Le reazioni internazionali

La comunità internazionale - a parte Cina e Russia - ha reagito con sdegno. La Gran Bretagna ha definito la doppia condanna «un altro spaventoso tentativo del regime militare di soffocare l’opposizione e sopprimere la libertà e la democrazia», mentre l’Alto Commissario delle Nazioni Unite per i diritti umani, Michelle Bachelet, ha parlato di «processo truccato» e di sentenza «motivata politicamente». Laura Boldrini, presidente del Comitato della Camera sui diritti umani nel mondo, ha esortato la comunità internazionale a fare «di tutto per sostenere il popolo birmano». Mentre gli Stati Uniti, per bocca del segretario di Stato Antony Blinken, hanno liquidato la sentenza come «un affronto alla giustizia».

Dov'è Suu Kyi?

Non è chiaro dove Suu Kyi dovrà scontare la condanna, anche se la giunta militare ha rassicurato che non sarà un carcere.
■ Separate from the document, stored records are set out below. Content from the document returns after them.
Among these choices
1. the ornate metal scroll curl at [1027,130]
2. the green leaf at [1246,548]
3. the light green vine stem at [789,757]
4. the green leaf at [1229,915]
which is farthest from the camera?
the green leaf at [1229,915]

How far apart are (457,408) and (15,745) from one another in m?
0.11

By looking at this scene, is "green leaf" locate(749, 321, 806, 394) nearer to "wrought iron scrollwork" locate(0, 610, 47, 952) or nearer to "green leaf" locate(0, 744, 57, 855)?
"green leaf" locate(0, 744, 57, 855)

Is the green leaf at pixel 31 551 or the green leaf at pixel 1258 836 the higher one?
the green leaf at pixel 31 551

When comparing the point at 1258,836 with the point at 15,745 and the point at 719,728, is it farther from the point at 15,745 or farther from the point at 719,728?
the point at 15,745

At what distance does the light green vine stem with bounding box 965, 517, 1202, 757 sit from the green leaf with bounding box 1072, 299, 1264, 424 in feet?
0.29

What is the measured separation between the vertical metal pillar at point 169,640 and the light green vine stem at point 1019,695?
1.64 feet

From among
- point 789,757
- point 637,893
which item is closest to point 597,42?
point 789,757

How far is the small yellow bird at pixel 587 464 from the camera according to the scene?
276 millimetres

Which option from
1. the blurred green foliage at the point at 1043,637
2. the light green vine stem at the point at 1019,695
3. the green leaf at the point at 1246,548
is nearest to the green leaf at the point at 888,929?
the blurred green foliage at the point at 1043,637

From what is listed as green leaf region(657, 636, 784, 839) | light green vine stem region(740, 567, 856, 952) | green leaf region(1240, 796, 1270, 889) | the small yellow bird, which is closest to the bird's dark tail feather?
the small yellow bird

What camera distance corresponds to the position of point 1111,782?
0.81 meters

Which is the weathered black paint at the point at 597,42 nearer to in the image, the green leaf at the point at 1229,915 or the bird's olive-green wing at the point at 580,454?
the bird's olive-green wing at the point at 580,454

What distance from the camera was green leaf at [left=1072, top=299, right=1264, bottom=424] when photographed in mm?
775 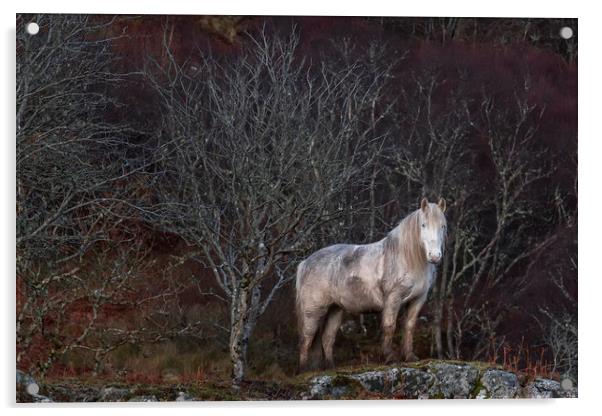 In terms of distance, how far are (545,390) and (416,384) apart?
1.10m

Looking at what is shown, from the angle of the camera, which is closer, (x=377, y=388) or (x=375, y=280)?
(x=377, y=388)

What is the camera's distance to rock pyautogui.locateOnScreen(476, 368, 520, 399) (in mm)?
10883

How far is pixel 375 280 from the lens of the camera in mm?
11320

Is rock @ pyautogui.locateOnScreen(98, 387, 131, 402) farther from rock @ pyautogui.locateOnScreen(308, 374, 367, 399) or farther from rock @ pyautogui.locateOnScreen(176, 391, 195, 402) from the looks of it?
rock @ pyautogui.locateOnScreen(308, 374, 367, 399)

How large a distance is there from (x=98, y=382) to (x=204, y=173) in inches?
96.7

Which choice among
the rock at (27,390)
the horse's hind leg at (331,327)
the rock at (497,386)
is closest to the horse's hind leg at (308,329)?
the horse's hind leg at (331,327)

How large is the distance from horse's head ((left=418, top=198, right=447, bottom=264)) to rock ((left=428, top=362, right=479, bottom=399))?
93cm

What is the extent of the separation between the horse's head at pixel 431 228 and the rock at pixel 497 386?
1075mm

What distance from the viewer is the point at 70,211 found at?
11.9 meters

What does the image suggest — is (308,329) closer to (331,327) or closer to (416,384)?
(331,327)

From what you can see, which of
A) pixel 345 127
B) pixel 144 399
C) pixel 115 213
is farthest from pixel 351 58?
pixel 144 399

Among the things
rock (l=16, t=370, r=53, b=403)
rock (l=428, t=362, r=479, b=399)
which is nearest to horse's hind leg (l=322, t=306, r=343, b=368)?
rock (l=428, t=362, r=479, b=399)

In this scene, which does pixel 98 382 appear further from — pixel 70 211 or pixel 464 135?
pixel 464 135

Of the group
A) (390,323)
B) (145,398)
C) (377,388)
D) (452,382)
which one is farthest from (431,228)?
(145,398) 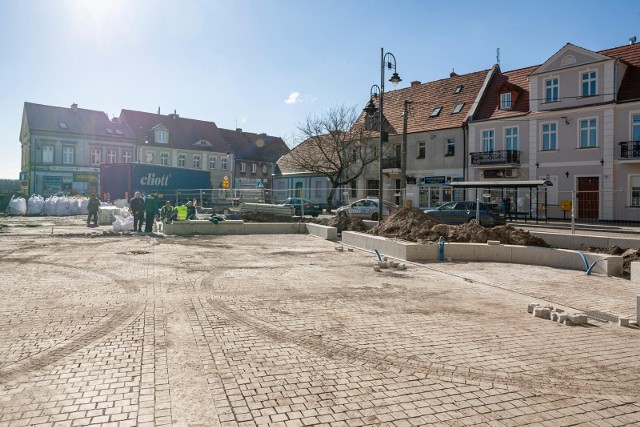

Dal colpo di Stato del primo febbraio è detenuta in una residenza segreta nella capitale Naypyidaw, con limitato accesso ad avvocati a cui è stato intimato di non parlare con i giornalisti, e neanche a diplomatici stranieri è stato concesso di vedere la Signora.
È una situazione molto diversa dai complessivi 15 anni agli arresti domiciliari dai quali Suu Kyi fu rilasciata nel 2010: all’epoca era nella sua villa a Yangon, a volte vedeva ambasciatori o compariva nel giardino. Ora, specie partendo da leader di un partito che ha trionfato nelle due elezioni libere dalla fine della dittatura, la rimozione di Suu Kyi dalla scena è più drastica e fa trasparire la risolutezza della giunta nell’eliminare una volta per tutte l’icona del popolo.

La rabbia popolare

Il problema per i militari, però, è che nel frattempo la rabbia popolare ribolle. Anche se i numeri delle proteste contro il golpe sono lontani dalle centinaia di migliaia dei primi mesi, la resistenza è ben radicata all’interno di tutte le categorie professionali, e sempre più spesso sfocia in attacchi ad esponenti del regime e alle forze armate. Con almeno 1.300 morti da febbraio (ma si teme molti di più) e diecimila arresti, l'esercito continua imperterrito a reprimere il dissenso. Ma violenze gratuite come quelle di domenica a Yangon, quando un’auto delle forze di sicurezza ha travolto una protesta pacifica causando cinque morti, alimentano la rabbia di una popolazione che aveva assaporato un decennio di aperture democratiche.

Il governo ombra

La giunta militare ha promesso nuove elezioni entro due anni, presumibilmente dopo aver eliminato qualsiasi minaccia credibile al suo potere. Impossibile immaginare Suu Kyi alla guida della sua Lega nazionale per la democrazia, e difficile pensare che al partito sarà data la possibilità di partecipare. Un embrione di opposizione alternativa però c'è, rappresentata da un governo ombra che racchiude le speranze popolari per un futuro democratico, e molto più inclusivo di forze fresche e dei gruppi etnici rispetto a quello di Suu Kyi. Possibili germogli di futuro, in una Birmania sotto le armi dove si sta sradicando il recente passato.